When to choose in-memory
In-memory is ideal when the dataset fits in RAM and you need single-digit millisecond p99. Hot collections are often kept in memory while cold ones live on disk. Persistence still matters: in-memory DBs use write-ahead logs and snapshots so that data can be restored after restart.
Pipeline: all vector and index data in RAM; queries hit memory only; writes go to WAL then index. Trade-off: lowest latency and highest QPS vs. limited capacity and higher cost per GB. Practical tip: if your index fits in RAM and you need single-digit ms p99, in-memory (with WAL and snapshots) is the simplest.
When to choose on-disk or hybrid
On-disk scales to billions of vectors and reduces cost per GB; latency is higher and more variable due to I/O. The choice affects durability guarantees and operational cost. Hybrid designs (e.g. index on SSD with mmap, or tiered storage) balance capacity and latency.
On-disk pipeline: index and vectors on SSD; query loads only needed pages (e.g. graph nodes, IVF lists); cache hot data in RAM. Hybrid: hot segments in RAM, cold on disk or S3; query may merge results from both. Trade-off: scale and cost vs. latency and implementation complexity.
Persistence and recovery
Even in-memory systems need durability: WAL and snapshots are written to disk so that after a crash or restart, the index can be restored by replaying the log and loading from disk. On-disk designs still use RAM for caching (e.g. graph nodes, codebooks); the full index does not have to fit in memory.
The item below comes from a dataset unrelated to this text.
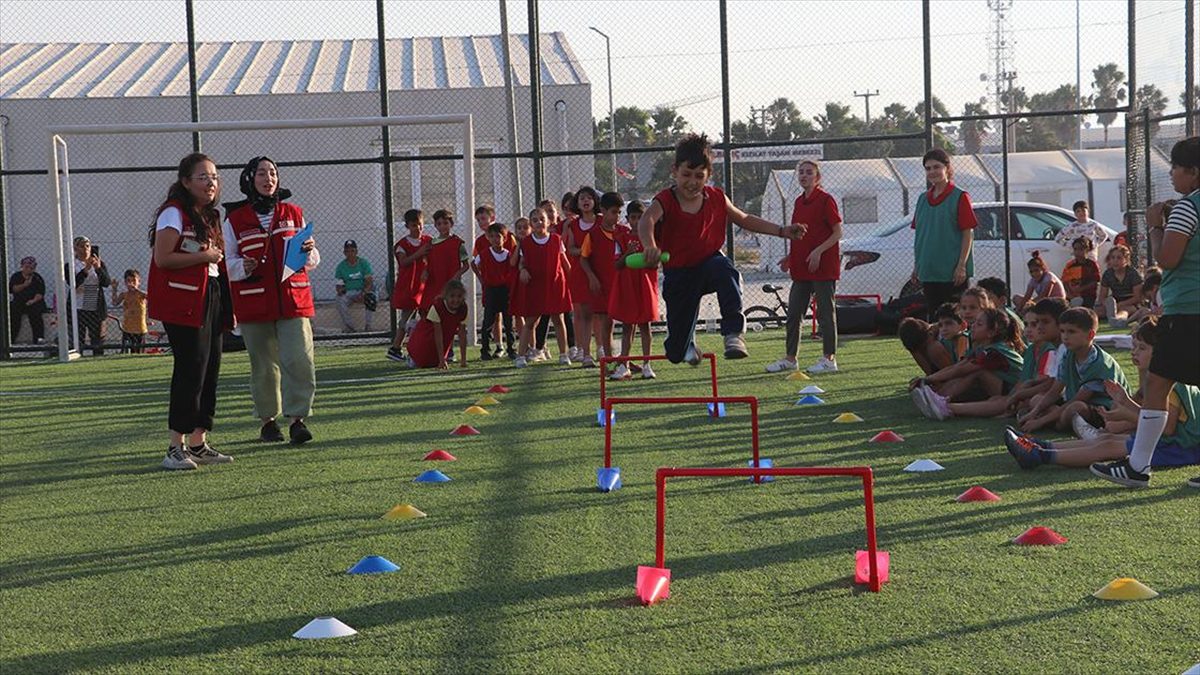 Hatay'da Türk Kızılayın başlattığı proje kapsamında atletizm eğitimi alan depremzede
Frequently Asked Questions
Can an in-memory VDB be durable?
Yes. WAL and snapshots are written to disk; after restart you replay the log and restore. Durability is about “committed data survives crash,” not where the live index lives.
What is a hybrid setup?
Often: hot data or recent segments in RAM, older segments or cold collections on SSD/disk (or S3), with a single query path that may touch both.
Does on-disk mean no RAM usage?
No. On-disk indexes still use RAM for caching (e.g. graph nodes, codebooks). The difference is that the full index doesn’t have to fit in memory.
How do I decide for my workload?
Estimate index size and compare to available RAM; set a latency target. If you fit in RAM and need low latency, in-memory (with persistence) is simpler. If you don’t fit or want lower cost, use on-disk or tiered.